The data —
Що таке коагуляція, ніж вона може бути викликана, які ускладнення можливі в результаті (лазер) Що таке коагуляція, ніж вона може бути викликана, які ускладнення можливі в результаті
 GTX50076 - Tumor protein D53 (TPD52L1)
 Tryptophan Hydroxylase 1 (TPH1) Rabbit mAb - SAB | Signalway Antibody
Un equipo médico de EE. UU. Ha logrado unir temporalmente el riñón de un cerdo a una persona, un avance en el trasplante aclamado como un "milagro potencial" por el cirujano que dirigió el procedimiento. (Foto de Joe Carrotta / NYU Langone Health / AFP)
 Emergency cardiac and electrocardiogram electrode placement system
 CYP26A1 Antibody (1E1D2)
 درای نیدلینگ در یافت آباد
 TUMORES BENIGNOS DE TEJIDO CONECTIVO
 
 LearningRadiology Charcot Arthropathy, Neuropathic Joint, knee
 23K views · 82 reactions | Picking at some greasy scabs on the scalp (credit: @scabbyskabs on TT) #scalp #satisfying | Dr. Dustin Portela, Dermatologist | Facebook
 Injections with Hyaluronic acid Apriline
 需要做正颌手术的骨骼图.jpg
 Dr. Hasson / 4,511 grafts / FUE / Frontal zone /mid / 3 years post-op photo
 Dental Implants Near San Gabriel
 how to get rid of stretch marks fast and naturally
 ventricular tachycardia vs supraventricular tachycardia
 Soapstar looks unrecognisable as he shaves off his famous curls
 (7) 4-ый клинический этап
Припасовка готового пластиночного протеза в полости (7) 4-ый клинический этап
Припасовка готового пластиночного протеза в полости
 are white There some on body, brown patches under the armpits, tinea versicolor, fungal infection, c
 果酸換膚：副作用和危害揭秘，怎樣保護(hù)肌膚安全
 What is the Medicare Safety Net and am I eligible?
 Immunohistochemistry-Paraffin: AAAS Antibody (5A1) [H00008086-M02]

What to produce —
Copy out, from the data above, every line holding the word "Antibody".

Answer to the problem —
 Tryptophan Hydroxylase 1 (TPH1) Rabbit mAb - SAB | Signalway Antibody
 CYP26A1 Antibody (1E1D2)
 Immunohistochemistry-Paraffin: AAAS Antibody (5A1) [H00008086-M02]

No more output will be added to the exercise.